6. Finish tour and meet to leave the palace.  This was the most heartbreaking part of the day for me – having to leave.  I wanted to keep going on the tour and asking questions and learning about the history of the palace and the people who called it home.  Brian was so informative and could, quite literally, discuss one painting, ONE PAINTING, for an entire day.  We could all tell that he absolutely loves his city, its history, and is so proud to be Parisian.  BTW, he’s also an American.  He was born and lived in Brooklyn until he was two when his mother (who is Parisian) moved her family to Paris where Brian went to school and grew up as a Frenchman.  No French-English accent, either, as his father was American.  He truly was fascinating, welcoming, and exuberant.  I wish he would guide us on more tours!


Ok, so Versailles was over with and dinner was very soon so we boarded the bus and headed off to 
Flam for, well, flam.  I had never heard of it before but it was delicious.  Apparently, it is a German invention that is similar to pizza.  Basically, it is a cracker-like thin crust that is topped with cream, cheese (not cream cheese – commas are very important), and any other topping that you want.  We had one with beef and chives, and another with bacon.  Then there was dessert flam.  Again, cracker-like crust with cream, cheese and any topping you want.  Our dessert flams were topped with chocolate, apple slices and cinnamon, and caramel. And, wow, were they good!  I found out later that flam was invented in Strasbourg, which was actually the next city we were going to be visiting.  Pretty neat stuff!  I think the kids all enjoyed it and they’re doing pretty well for not knowing much about the different cultures.  Some are still struggling with not having air conditioning or ice or refills, but for the most part, they’re going with the flow and having a great time!  I think we all are.  It’s definitely not without its struggles, with the sleep deprivation and the language barriers, but we’re making it and keeping a great attitude.

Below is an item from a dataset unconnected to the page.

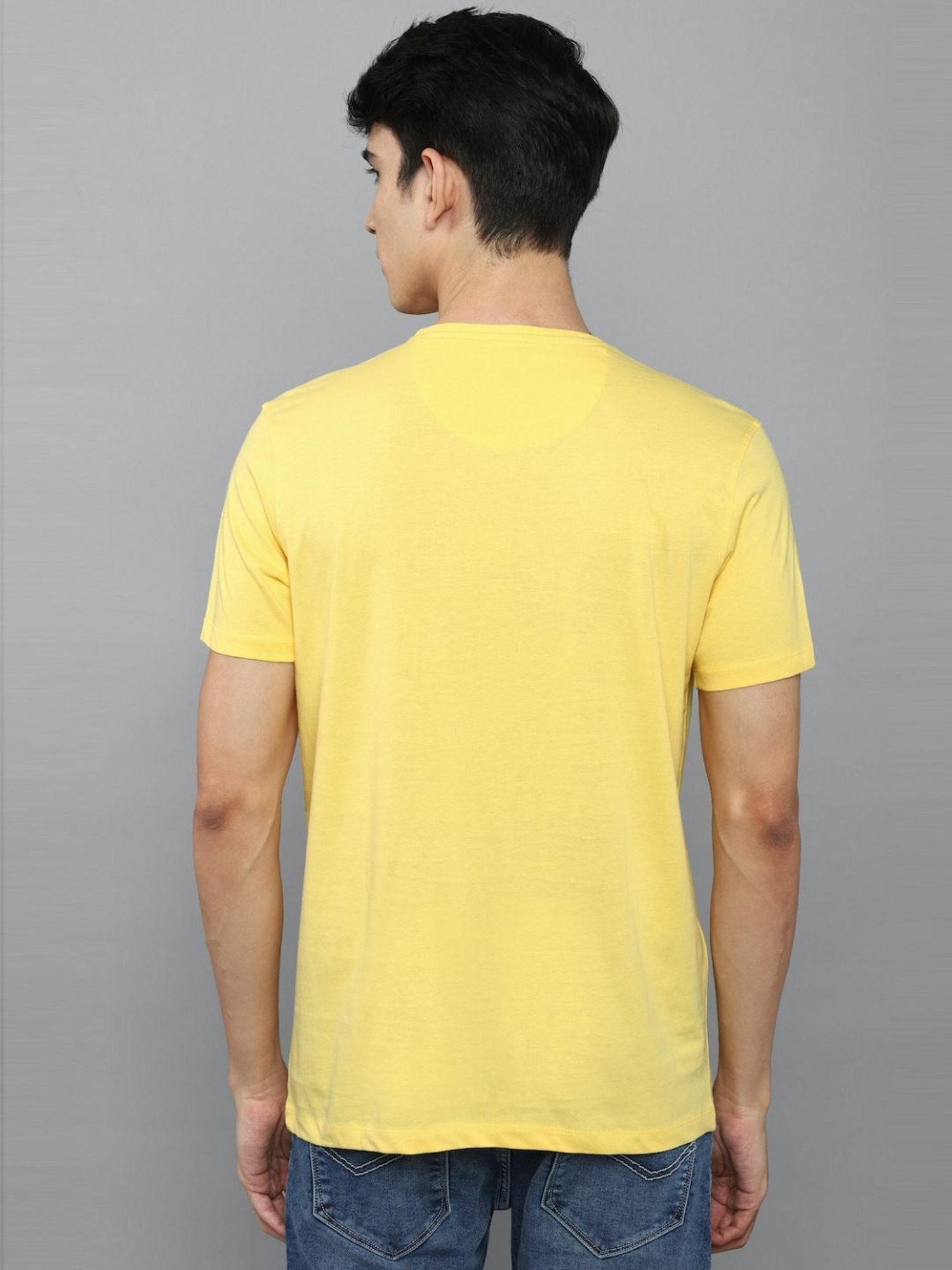 Louis Philippe Jeans Yellow Cotton Slim Fit T-Shirt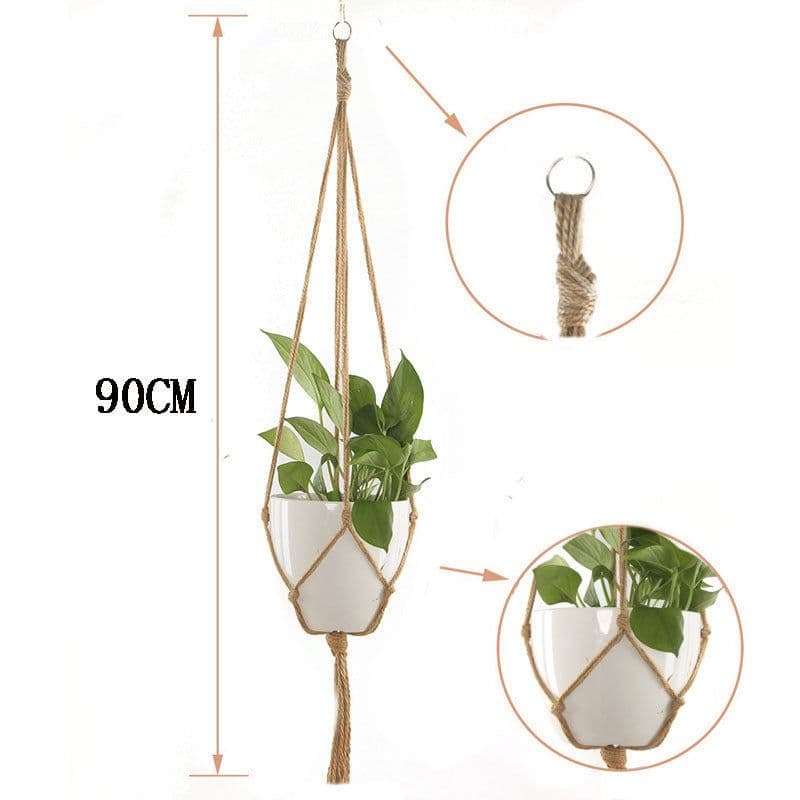 image-Gardening and Greening Flower Pot Hemp Rope Hanging Basket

After dinner, we took our first metro ride of the day.  Since Flam was near the Champs-Élysées, we got to walk down much of the street and take in the culture and shoppes, and the children dancing, the smell of bread, cheese, caffe, people, and the sounds of hundreds of people enjoying Paris.  So basically, the northern end of the Champs-Élysées, the end with the Arc de Triomphe, has all of the commercial stores like the Disney store, the Apple Store, clothing stores, etc.  The southern part, the part with the obelisk (I’ll discuss that in a future post), has the local tents and merchandise.  That is the stuff I prefer.  Unfortunately we didn’t have the time to stop and enjoy it.  On to the metro!  We took it to… I have no idea what stop but we were on our way to a 1-hour boat tour down the Seine River.  Finally, something peaceful to do!  We got our first good, close glimpse of the Eiffel Tower, too.  Something I already have about 20 pictures of but just had to get some more.  Then we walked down to the boats, about a 10 minute walk, boarded the boat and rode it up and then down the Seine River taking in some of the most iconic locations the city has to offer, like the Eiffel Tower, The Louvre, the Grand Palace, and Notre Dame.  We also passed the little island where Paris started over 2000 years ago, but those dang Romans had to go and conquer the tribe that lived there. It was a fairly large island but is now connected to the banks on either side of it.  Ooo! We also saw that bridge that’s been in the news recently – the one with the love locks.  Yeah, you really can’t hang locks on that bridge anymore but many more bridges have locks nearly covering them so don’t everyone get all huffy and upset.  The tradition will continue – just not in the same place.  It’s understandable that it would have to be taken down – those bridges are old and were getting very heavy, too heavy for the foundations.  But that tradition is definitely not lost so go and get a lock with your loved one and make that known to everyone!  (btw, I also saw the same thing later on in Heidelberg.  Pretty cute.)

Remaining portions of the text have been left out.